Data records:
--------------------------------
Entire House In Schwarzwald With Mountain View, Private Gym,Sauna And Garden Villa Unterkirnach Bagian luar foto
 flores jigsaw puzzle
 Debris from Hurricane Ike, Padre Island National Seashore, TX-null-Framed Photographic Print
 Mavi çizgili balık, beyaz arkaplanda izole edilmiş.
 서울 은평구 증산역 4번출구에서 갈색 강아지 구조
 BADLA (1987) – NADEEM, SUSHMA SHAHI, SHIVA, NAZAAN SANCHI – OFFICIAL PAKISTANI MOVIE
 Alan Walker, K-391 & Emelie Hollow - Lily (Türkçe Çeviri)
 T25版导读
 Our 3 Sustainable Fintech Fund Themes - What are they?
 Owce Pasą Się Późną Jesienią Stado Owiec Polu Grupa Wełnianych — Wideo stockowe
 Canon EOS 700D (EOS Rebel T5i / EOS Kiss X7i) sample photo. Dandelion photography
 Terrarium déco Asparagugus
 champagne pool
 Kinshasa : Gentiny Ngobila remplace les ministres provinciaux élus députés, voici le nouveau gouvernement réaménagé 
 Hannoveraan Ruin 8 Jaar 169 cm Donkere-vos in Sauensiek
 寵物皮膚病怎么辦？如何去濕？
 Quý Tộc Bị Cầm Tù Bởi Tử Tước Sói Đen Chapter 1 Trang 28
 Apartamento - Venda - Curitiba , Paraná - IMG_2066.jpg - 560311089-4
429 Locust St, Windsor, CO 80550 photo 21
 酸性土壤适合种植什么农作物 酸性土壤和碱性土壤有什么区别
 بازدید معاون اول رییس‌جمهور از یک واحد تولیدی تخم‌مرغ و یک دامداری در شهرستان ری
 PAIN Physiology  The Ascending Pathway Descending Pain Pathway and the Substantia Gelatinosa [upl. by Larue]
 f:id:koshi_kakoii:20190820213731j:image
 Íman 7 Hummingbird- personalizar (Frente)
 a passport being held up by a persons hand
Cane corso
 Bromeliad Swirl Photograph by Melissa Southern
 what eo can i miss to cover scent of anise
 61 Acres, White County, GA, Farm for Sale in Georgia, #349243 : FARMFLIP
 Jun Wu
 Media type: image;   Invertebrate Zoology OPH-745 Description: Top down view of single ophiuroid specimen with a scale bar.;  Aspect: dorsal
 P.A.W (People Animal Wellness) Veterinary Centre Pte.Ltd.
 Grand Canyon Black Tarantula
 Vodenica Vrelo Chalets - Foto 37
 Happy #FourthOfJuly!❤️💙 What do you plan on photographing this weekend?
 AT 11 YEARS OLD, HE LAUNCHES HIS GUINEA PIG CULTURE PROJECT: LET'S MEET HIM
--------------------------------
> Work task
Return exactly the line that contains "Apartamento - Venda" and every line after it, through the last line of the records.

> Result for this task
 Apartamento - Venda - Curitiba , Paraná - IMG_2066.jpg - 560311089-4
429 Locust St, Windsor, CO 80550 photo 21
 酸性土壤适合种植什么农作物 酸性土壤和碱性土壤有什么区别
 بازدید معاون اول رییس‌جمهور از یک واحد تولیدی تخم‌مرغ و یک دامداری در شهرستان ری
 PAIN Physiology  The Ascending Pathway Descending Pain Pathway and the Substantia Gelatinosa [upl. by Larue]
 f:id:koshi_kakoii:20190820213731j:image
 Íman 7 Hummingbird- personalizar (Frente)
 a passport being held up by a persons hand
Cane corso
 Bromeliad Swirl Photograph by Melissa Southern
 what eo can i miss to cover scent of anise
 61 Acres, White County, GA, Farm for Sale in Georgia, #349243 : FARMFLIP
 Jun Wu
 Media type: image;   Invertebrate Zoology OPH-745 Description: Top down view of single ophiuroid specimen with a scale bar.;  Aspect: dorsal
 P.A.W (People Animal Wellness) Veterinary Centre Pte.Ltd.
 Grand Canyon Black Tarantula
 Vodenica Vrelo Chalets - Foto 37
 Happy #FourthOfJuly!❤️💙 What do you plan on photographing this weekend?
 AT 11 YEARS OLD, HE LAUNCHES HIS GUINEA PIG CULTURE PROJECT: LET'S MEET HIM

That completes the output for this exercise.